Liverpool haven’t had much luck this season, so only the hardest heart would begrudge them the gifts presented by RB Leipzig in Budapest.
They came with what will almost certainly be a free pass to the Champions League last eight. Whether the match is played at Anfield, or beyond, it is hard to see Leipzig winning by a three-goal margin.
As Manchester United know, they are not best on their travels and stripped of genuine home advantage by covid restrictions, this tie looks pretty much over.
Liverpool were excellent, and well deserved their win and its margin. Mo Salah and Sadio Mane were both left one on one by defensive lapses, with predictable results.
They are considerably better teams left in the competition than Leipzig but, given their recent run, Liverpool will be grateful for this gentle introduction to the knock-out stage.
It allowed them to play to their strengths, pressing Leipzig and exploiting their cavalier high line and loose passing. By the end, Liverpool seemed happy to let Dayot Upamecano have the ball, knowing it would be coming back to them. If this wasn’t an off night, Bayern Munich’s coaches have an awful lot of work to do.
Liverpool’s goals came in a five minute interval in the second-half, when Leipzig’s slackness gave them the game.
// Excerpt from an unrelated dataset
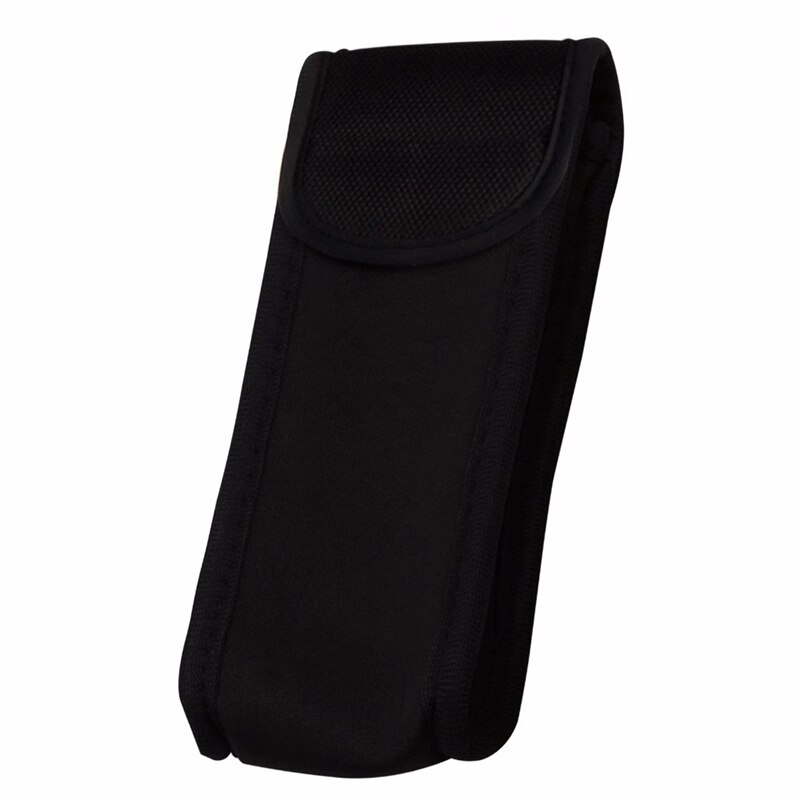 Manomètre numérique Portable vide d'air Portable manomètre avec rétro-éclairage 11 unités +/- 13.78KPa +/- 2PSI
It had been heading that way all evening, the Germans lacking the care required to progress at this stage in the tournament. Manchester United must have been looking at the standards here, and kicking themselves.
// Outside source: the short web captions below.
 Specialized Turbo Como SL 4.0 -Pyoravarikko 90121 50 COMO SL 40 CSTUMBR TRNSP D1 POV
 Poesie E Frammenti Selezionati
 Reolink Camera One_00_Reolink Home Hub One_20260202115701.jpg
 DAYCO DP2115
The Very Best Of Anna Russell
How did they beat this team by five at Old Trafford, and still go out to them in the group stage? They’ll be reflecting on that, no doubt, while preparing for Thursday’s Europa League tie.
The first goal came after 53 minutes, started, ironically, by a poor pass from Jordan Henderson. It went straight to Marcel Sabitzer who upped the ante by playing an even worse one.
This was not just poorly directed but suicidal, falling straight to Salah who was now running on goal with only goalkeeper Peter Gulacsi – a Liverpool understudy for six years – to beat.
Bar Robert Lewandowski, no player in Europe’s top five leagues has been as prolific as Salah this season, and there was only going to be one winner. He stuck the ball smartly past Gulacsi, and Leipzig’s heads went down
They were still reeling when Liverpool added their second. This came from a long clearance which wasn’t doing much until Leipzig defender Nordi Mukiele decided to take it on with all the calmness and aplomb of a rabbit straying onto an Autobahn. He didn’t trap it, didn’t clear it, didn’t deal with it at all really, and then fell over.
Mane sped away with Upamecano in desperate, fruitless pursuit. His conversion was as assured as Salah’s, taking him into Liverpool top five goalscorers in Europe. And there’s some names on that list.
If there was a downside it was the performance of another over-promoted Slovenian official – coincidentally the same nationality as UEFA president Aleksander Ceferin – who contrived to book seven players in a match that didn’t really have a bad tackle.
Fortunately, only two of them were Liverpool men – Henderson and his latest center-half partner Ozan Kabak – but in Europe, these misdemeanors have a way of mounting up.